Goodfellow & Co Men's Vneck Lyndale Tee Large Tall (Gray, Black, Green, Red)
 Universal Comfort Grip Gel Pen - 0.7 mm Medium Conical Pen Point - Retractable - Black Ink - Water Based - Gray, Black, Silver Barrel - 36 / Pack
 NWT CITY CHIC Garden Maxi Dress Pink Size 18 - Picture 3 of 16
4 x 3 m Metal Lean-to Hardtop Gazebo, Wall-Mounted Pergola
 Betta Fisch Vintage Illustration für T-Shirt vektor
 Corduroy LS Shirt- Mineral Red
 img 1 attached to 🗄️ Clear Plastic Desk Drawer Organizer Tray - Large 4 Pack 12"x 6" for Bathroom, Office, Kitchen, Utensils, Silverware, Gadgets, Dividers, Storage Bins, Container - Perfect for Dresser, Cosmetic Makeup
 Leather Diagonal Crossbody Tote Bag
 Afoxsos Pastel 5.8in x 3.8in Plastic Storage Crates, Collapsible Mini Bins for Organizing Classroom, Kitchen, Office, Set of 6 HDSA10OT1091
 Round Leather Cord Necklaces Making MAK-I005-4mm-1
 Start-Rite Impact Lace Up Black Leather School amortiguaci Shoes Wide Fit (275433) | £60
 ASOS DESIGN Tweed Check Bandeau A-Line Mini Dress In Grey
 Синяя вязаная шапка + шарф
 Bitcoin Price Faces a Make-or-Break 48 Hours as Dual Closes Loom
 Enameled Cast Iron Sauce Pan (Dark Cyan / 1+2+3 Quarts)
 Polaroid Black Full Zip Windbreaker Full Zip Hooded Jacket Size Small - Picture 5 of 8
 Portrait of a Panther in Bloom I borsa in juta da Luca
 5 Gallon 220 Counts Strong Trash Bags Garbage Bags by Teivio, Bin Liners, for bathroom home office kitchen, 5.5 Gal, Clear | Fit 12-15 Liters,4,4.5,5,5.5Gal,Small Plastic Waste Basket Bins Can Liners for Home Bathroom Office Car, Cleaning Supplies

WHAT TO PRODUCE: Write the opening line of the data above and every line after it, exactly, stopping once you have written the line with "Bitcoin Price Faces".

RESPONSE AREA:
Goodfellow & Co Men's Vneck Lyndale Tee Large Tall (Gray, Black, Green, Red)
 Universal Comfort Grip Gel Pen - 0.7 mm Medium Conical Pen Point - Retractable - Black Ink - Water Based - Gray, Black, Silver Barrel - 36 / Pack
 NWT CITY CHIC Garden Maxi Dress Pink Size 18 - Picture 3 of 16
4 x 3 m Metal Lean-to Hardtop Gazebo, Wall-Mounted Pergola
 Betta Fisch Vintage Illustration für T-Shirt vektor
 Corduroy LS Shirt- Mineral Red
 img 1 attached to 🗄️ Clear Plastic Desk Drawer Organizer Tray - Large 4 Pack 12"x 6" for Bathroom, Office, Kitchen, Utensils, Silverware, Gadgets, Dividers, Storage Bins, Container - Perfect for Dresser, Cosmetic Makeup
 Leather Diagonal Crossbody Tote Bag
 Afoxsos Pastel 5.8in x 3.8in Plastic Storage Crates, Collapsible Mini Bins for Organizing Classroom, Kitchen, Office, Set of 6 HDSA10OT1091
 Round Leather Cord Necklaces Making MAK-I005-4mm-1
 Start-Rite Impact Lace Up Black Leather School amortiguaci Shoes Wide Fit (275433) | £60
 ASOS DESIGN Tweed Check Bandeau A-Line Mini Dress In Grey
 Синяя вязаная шапка + шарф
 Bitcoin Price Faces a Make-or-Break 48 Hours as Dual Closes Loom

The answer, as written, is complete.